▶ _RECORDS FOR THE TASK_
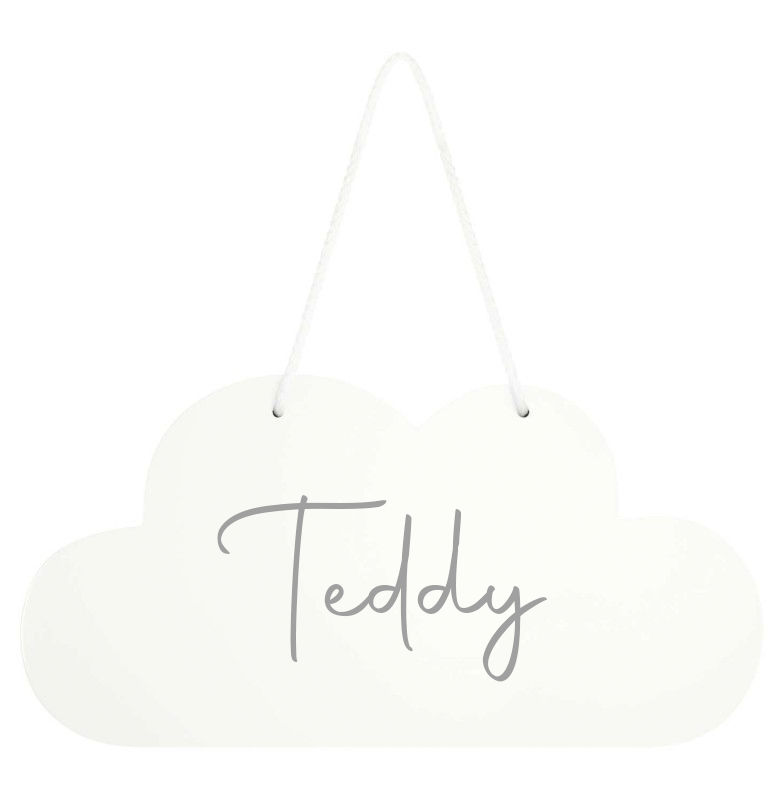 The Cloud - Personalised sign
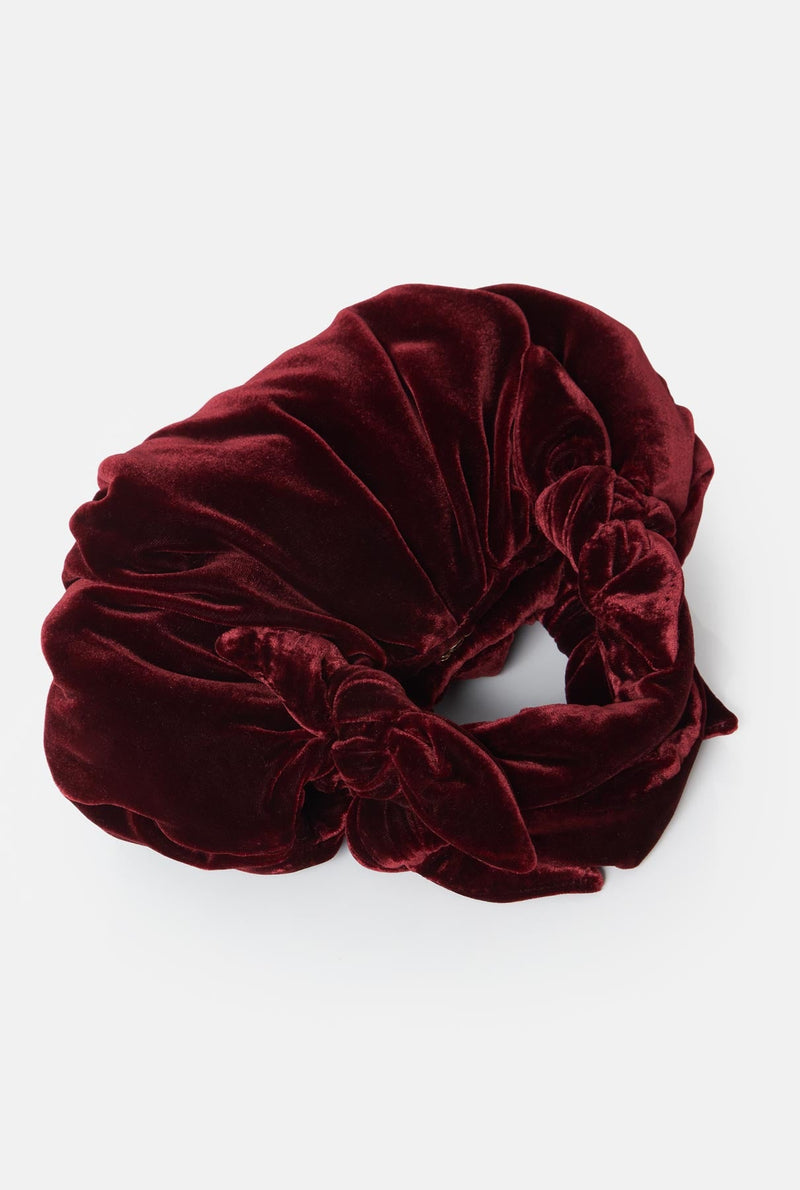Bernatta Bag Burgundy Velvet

---

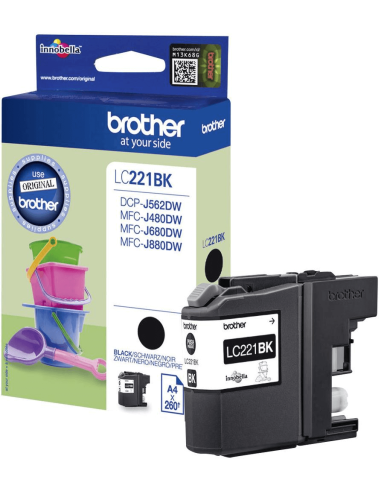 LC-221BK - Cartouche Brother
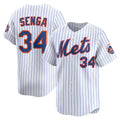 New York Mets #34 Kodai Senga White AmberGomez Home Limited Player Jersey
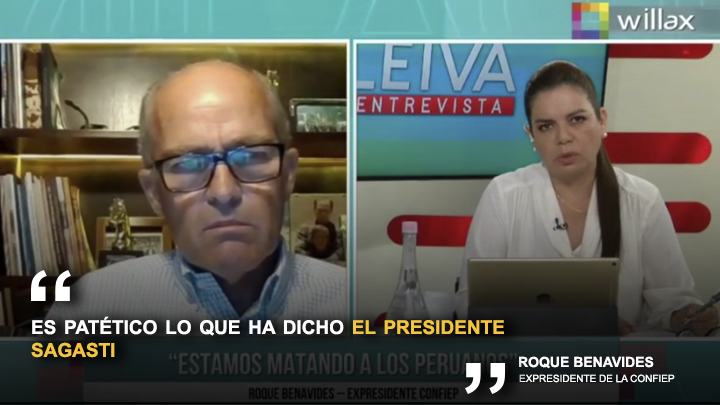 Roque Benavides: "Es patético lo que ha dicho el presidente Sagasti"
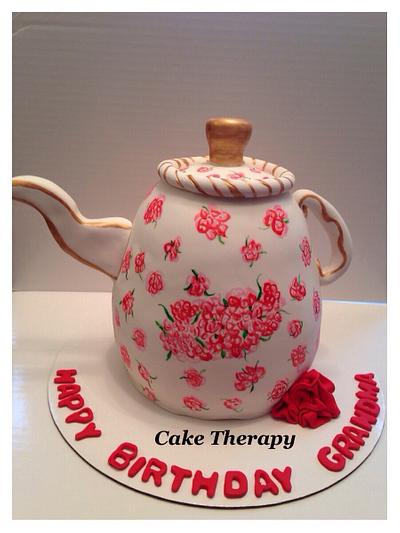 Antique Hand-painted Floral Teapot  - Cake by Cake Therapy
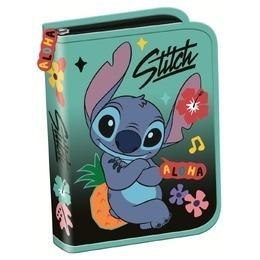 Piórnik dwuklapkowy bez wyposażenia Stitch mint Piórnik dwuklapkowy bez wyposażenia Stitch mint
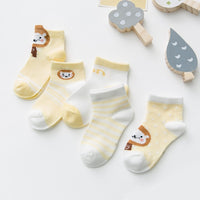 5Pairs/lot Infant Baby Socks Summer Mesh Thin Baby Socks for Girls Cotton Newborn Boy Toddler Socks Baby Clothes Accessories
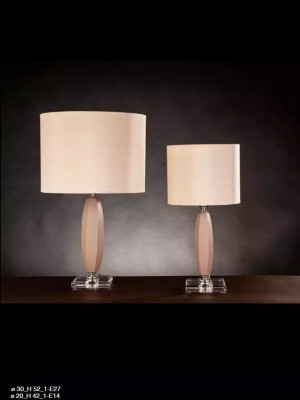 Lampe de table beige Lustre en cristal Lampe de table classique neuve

...

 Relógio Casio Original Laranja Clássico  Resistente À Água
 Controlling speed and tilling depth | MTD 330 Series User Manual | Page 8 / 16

▶ _EXERCISE PROMPT_
Copy the listing above exactly, but only from the line with "patético lo que" through the line with "Lampe de table beige", including those two lines and excluding any picture.

▶ _FINAL ANSWER_
 Roque Benavides: "Es patético lo que ha dicho el presidente Sagasti"
 Antique Hand-painted Floral Teapot  - Cake by Cake Therapy
 Piórnik dwuklapkowy bez wyposażenia Stitch mint Piórnik dwuklapkowy bez wyposażenia Stitch mint
 5Pairs/lot Infant Baby Socks Summer Mesh Thin Baby Socks for Girls Cotton Newborn Boy Toddler Socks Baby Clothes Accessories
 Lampe de table beige Lustre en cristal Lampe de table classique neuve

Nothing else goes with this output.